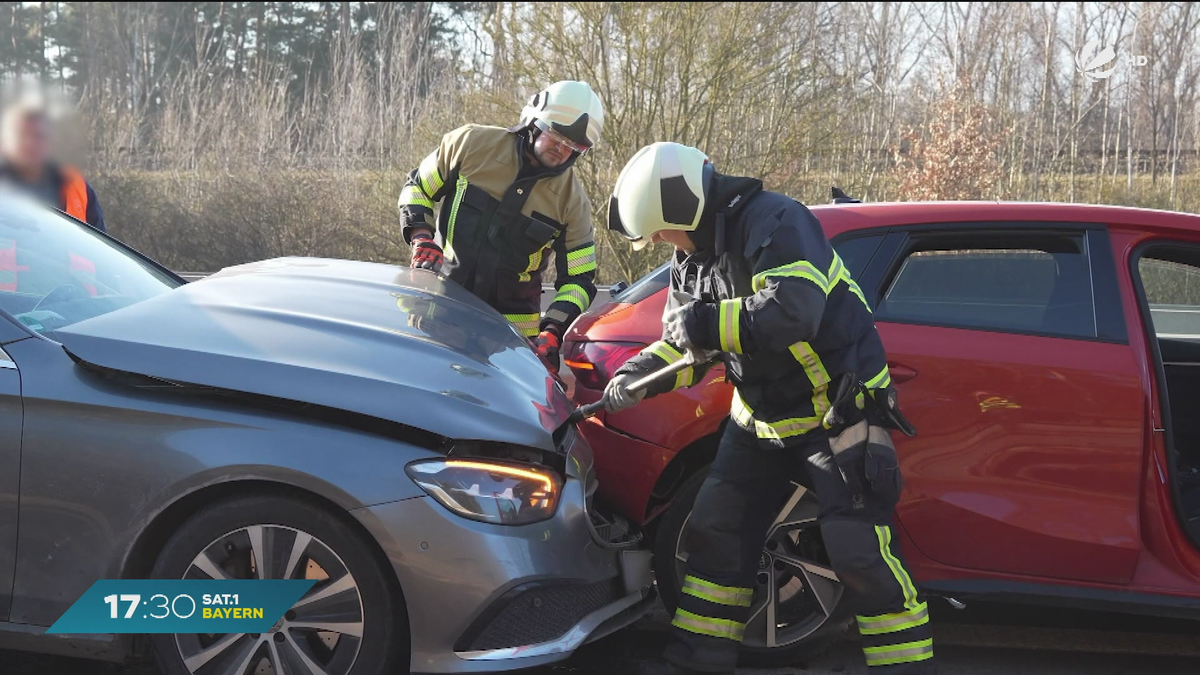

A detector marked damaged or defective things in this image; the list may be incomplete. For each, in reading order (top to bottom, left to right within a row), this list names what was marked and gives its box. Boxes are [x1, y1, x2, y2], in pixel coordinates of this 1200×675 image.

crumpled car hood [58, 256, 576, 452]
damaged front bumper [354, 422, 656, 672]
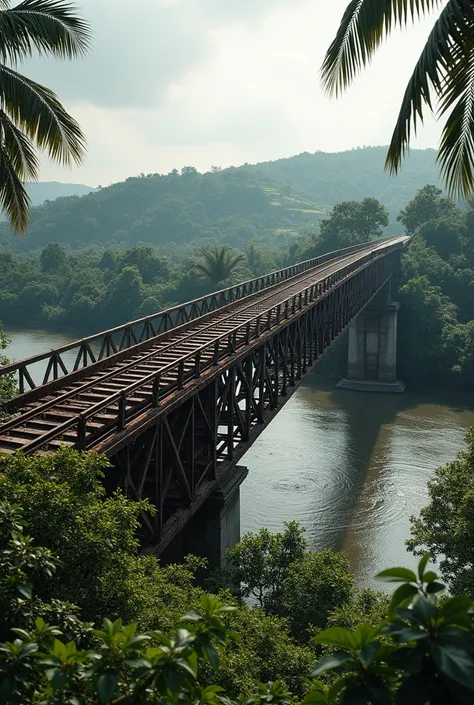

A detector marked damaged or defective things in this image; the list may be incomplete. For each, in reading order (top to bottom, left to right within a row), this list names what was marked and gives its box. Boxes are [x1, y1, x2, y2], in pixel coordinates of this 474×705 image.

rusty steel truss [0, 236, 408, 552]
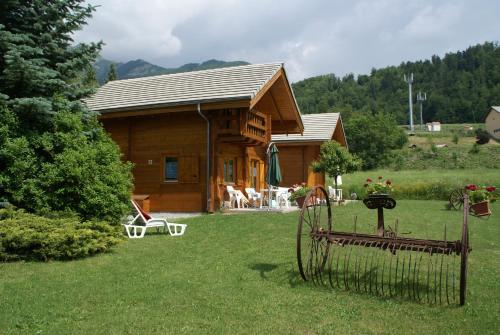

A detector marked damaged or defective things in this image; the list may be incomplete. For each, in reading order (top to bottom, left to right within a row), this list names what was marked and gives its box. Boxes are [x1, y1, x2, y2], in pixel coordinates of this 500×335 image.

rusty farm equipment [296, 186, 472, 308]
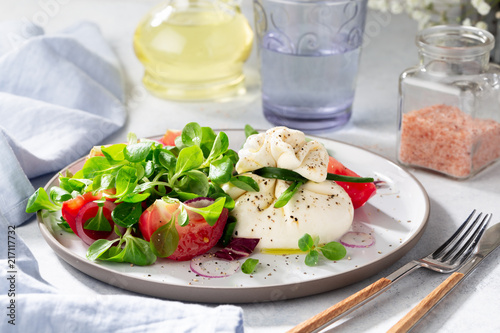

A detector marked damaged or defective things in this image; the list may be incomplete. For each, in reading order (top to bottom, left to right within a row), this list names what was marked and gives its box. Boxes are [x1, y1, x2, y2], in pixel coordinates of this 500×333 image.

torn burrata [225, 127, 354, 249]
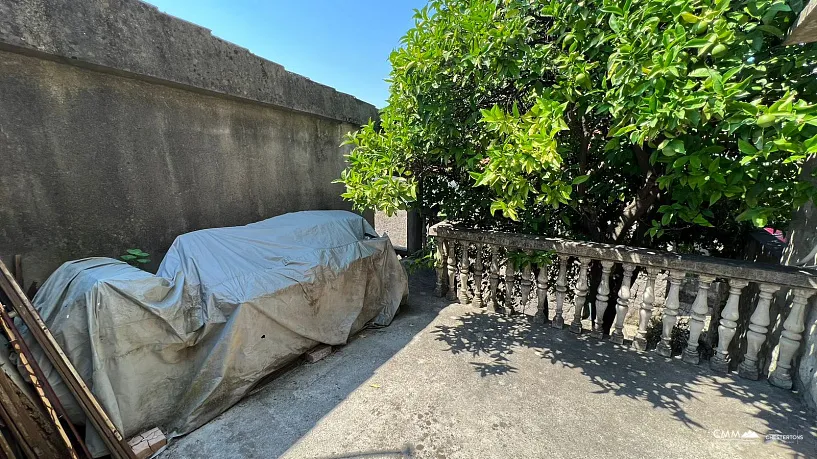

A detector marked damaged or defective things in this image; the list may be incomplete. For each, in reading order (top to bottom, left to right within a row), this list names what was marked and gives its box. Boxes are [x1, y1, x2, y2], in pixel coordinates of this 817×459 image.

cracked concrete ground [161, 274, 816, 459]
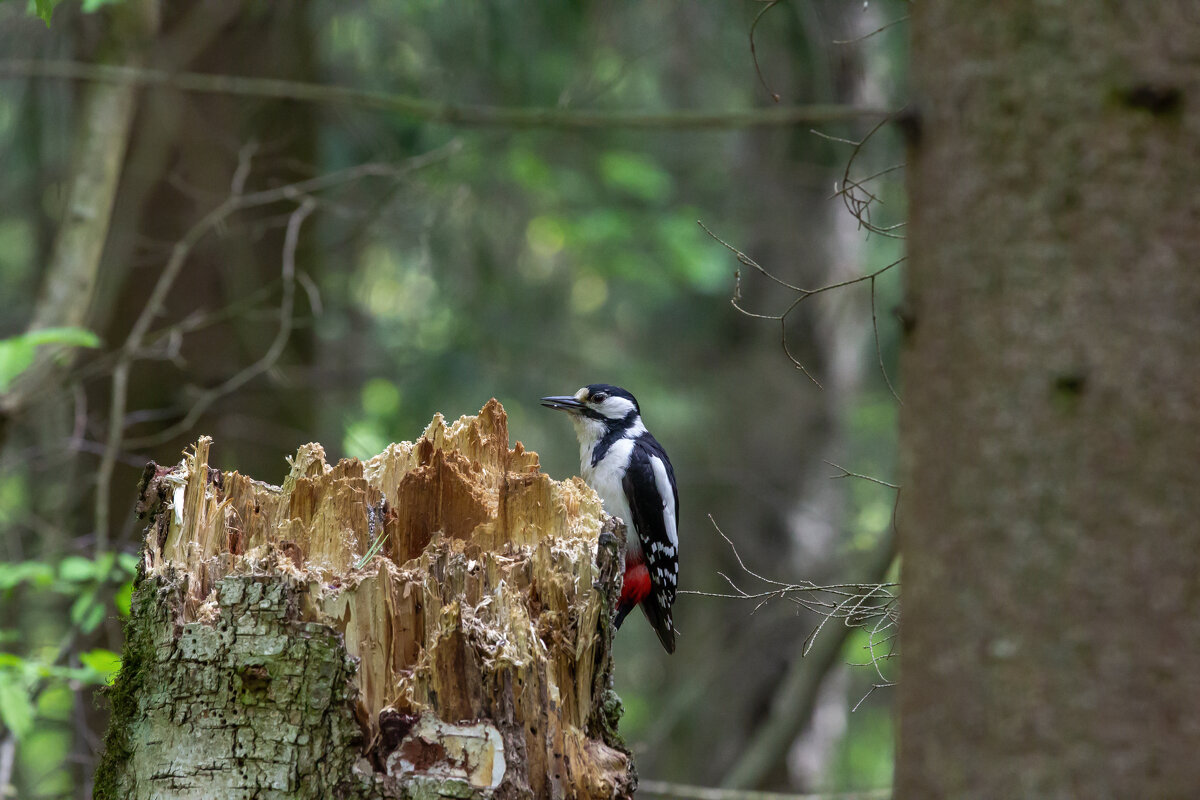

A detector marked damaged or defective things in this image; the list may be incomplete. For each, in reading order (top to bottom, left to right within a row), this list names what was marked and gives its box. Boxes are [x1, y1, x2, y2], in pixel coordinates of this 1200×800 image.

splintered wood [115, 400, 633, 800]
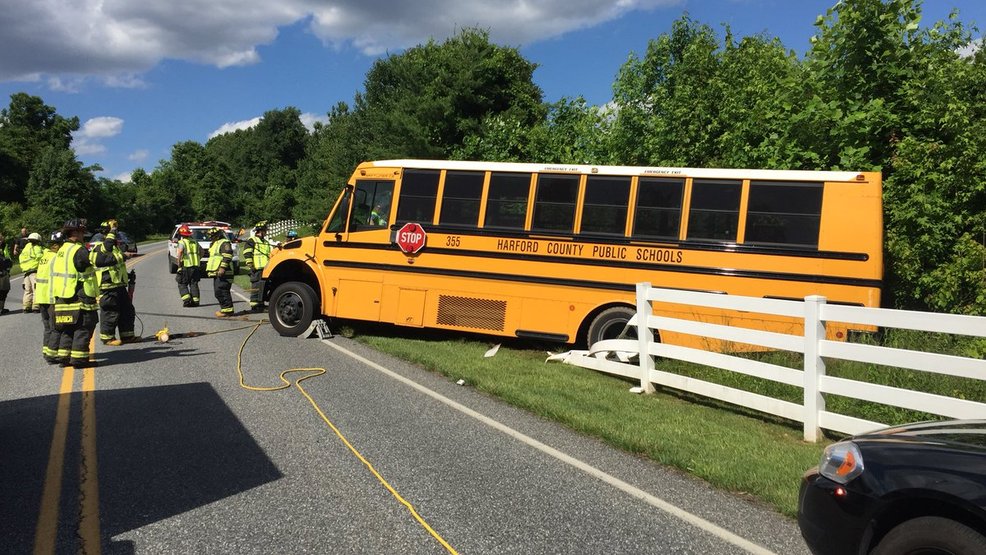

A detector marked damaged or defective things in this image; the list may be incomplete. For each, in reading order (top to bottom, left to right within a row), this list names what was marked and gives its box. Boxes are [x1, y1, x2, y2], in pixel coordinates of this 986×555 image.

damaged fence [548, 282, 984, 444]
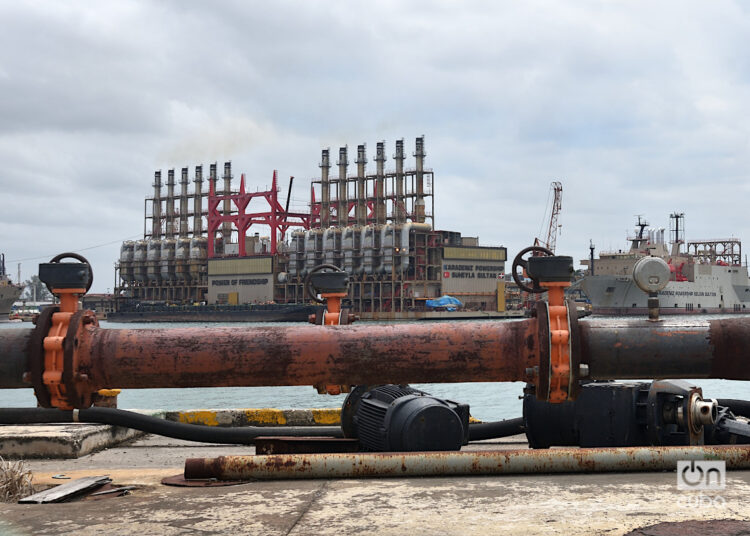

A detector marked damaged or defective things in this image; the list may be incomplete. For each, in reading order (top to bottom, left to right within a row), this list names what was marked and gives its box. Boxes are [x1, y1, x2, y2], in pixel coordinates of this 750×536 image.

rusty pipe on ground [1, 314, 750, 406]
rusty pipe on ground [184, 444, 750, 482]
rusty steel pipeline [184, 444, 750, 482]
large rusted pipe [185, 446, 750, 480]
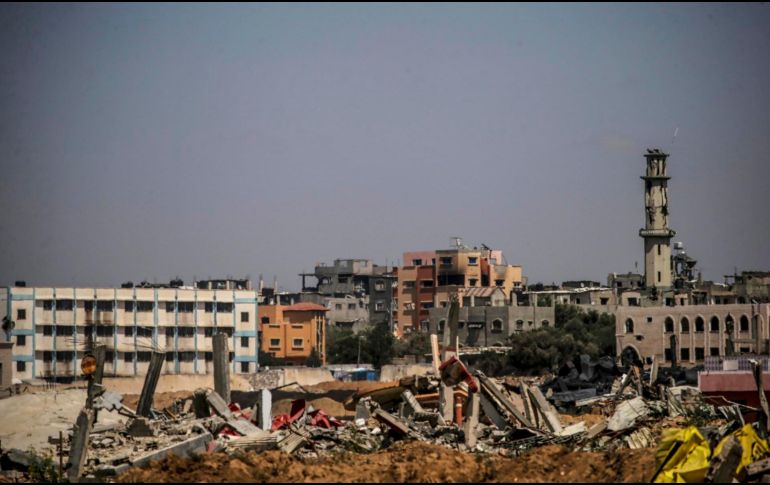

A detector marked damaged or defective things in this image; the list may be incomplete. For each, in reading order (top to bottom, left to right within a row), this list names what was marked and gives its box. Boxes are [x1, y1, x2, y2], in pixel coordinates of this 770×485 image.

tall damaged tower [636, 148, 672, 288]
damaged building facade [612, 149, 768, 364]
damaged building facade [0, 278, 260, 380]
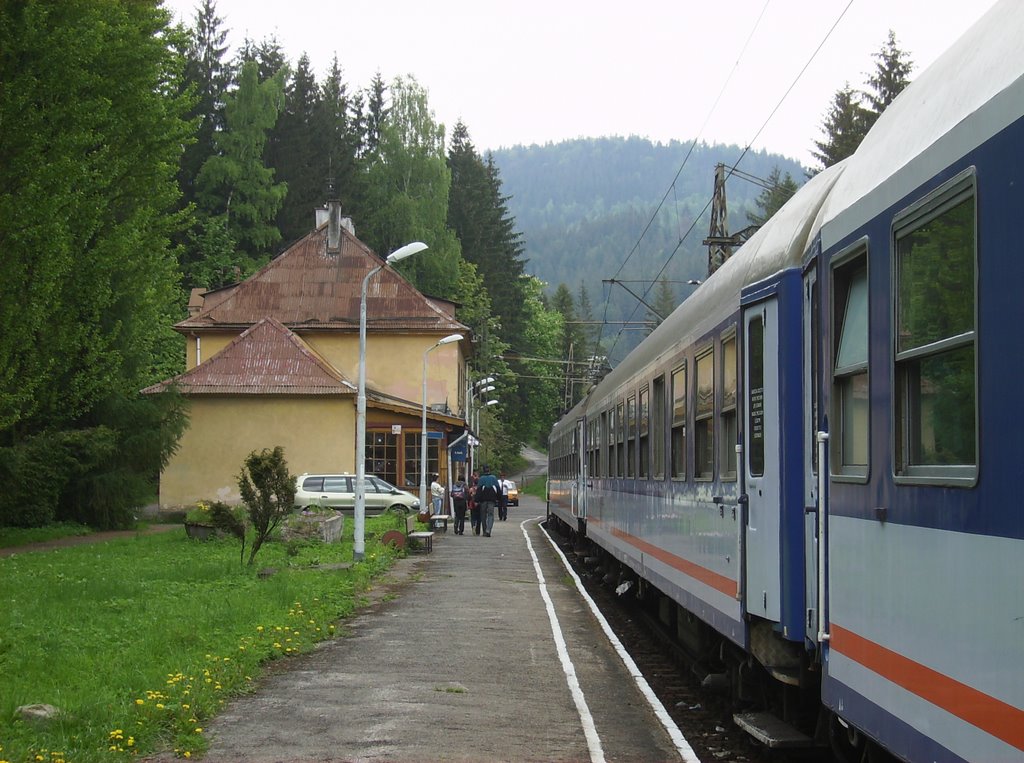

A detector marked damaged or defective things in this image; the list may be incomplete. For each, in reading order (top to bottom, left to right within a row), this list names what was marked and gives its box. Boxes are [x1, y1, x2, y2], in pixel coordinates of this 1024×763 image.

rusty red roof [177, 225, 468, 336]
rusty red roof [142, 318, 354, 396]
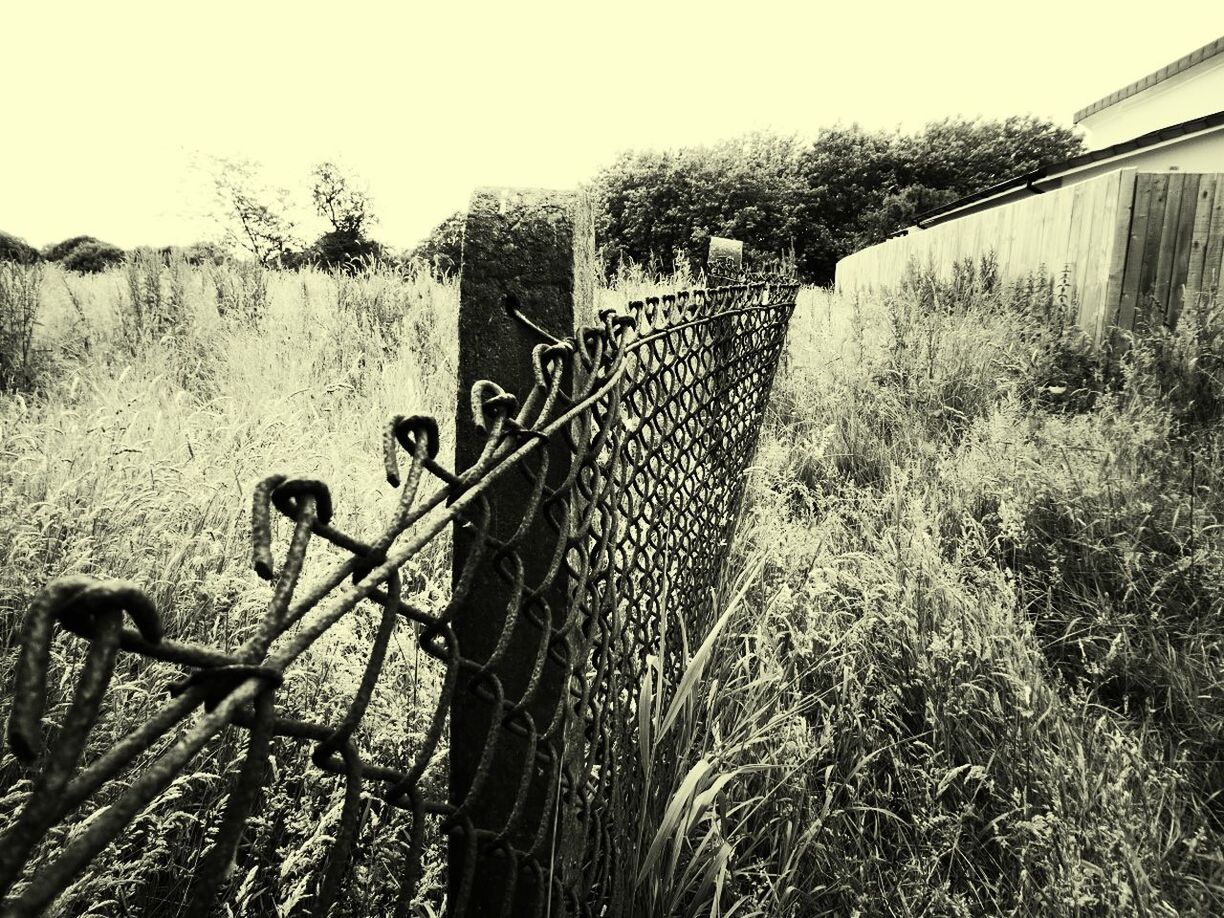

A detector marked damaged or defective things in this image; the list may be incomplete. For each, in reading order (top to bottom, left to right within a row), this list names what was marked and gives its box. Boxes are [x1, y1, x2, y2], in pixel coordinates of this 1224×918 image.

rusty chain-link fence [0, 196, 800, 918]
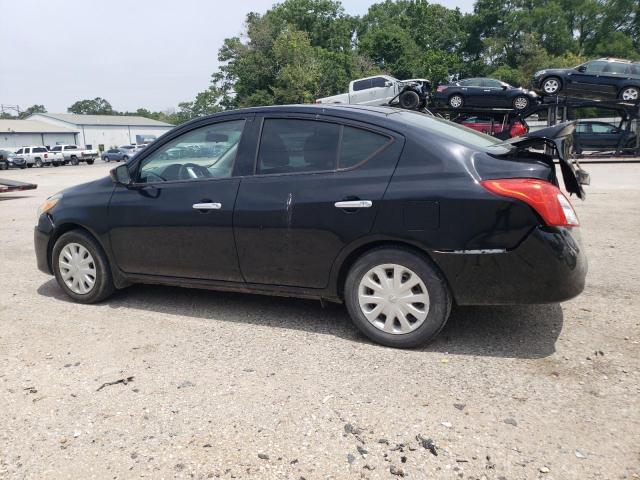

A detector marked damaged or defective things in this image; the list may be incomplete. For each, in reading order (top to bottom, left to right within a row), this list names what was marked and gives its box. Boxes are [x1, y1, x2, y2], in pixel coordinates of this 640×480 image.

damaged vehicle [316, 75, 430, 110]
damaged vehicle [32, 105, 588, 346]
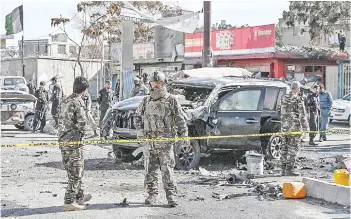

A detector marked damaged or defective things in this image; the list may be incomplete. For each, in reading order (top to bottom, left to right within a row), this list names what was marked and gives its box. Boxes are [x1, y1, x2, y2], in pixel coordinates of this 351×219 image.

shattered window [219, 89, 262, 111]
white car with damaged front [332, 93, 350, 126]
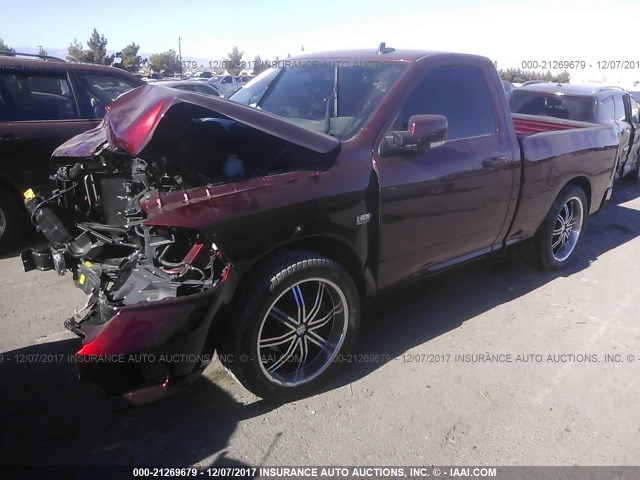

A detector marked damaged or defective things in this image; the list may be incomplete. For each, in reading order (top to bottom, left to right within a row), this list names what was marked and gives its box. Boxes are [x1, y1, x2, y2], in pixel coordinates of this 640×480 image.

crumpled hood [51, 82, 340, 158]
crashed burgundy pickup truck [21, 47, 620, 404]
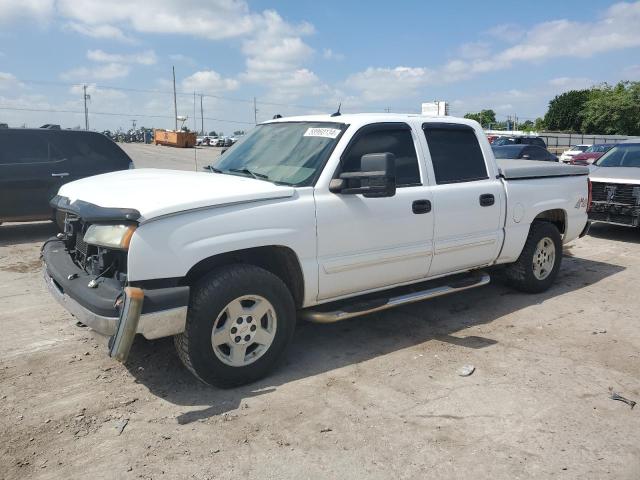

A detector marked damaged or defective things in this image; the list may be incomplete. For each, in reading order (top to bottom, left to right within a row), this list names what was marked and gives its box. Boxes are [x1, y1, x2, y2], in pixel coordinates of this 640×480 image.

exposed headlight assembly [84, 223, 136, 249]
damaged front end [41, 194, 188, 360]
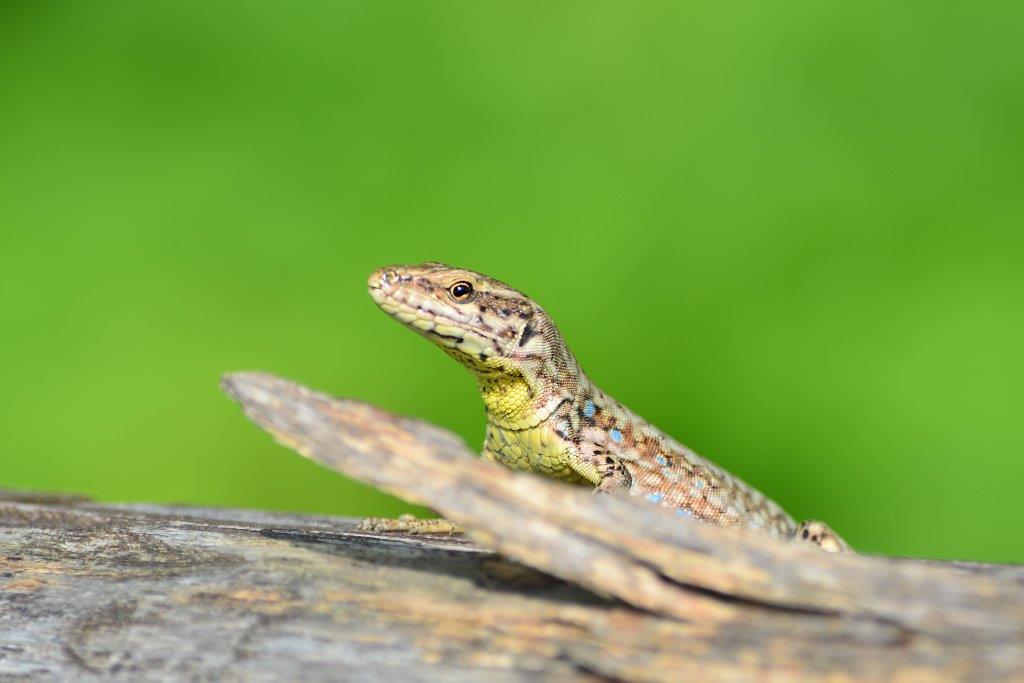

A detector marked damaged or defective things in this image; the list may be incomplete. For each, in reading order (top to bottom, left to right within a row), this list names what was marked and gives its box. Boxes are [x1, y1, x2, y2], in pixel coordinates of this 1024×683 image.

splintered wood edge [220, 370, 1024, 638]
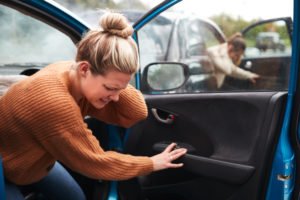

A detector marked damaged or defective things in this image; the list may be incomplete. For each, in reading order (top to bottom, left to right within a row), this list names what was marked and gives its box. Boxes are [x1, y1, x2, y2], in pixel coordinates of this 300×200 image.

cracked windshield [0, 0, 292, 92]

*-*-*

What you have to do:
The lines from the one with "this 300×200 image." through the end of the data above are to be set down exactly, with both boundary lines included and no other lines.

The completed task:
A detector marked damaged or defective things in this image; the list may be incomplete. For each, in reading order (top to bottom, left to right within a row), this list names what was marked and gives its box. Boxes are [x1, y1, x2, y2], in pixel coordinates of this 300×200 image.

cracked windshield [0, 0, 292, 92]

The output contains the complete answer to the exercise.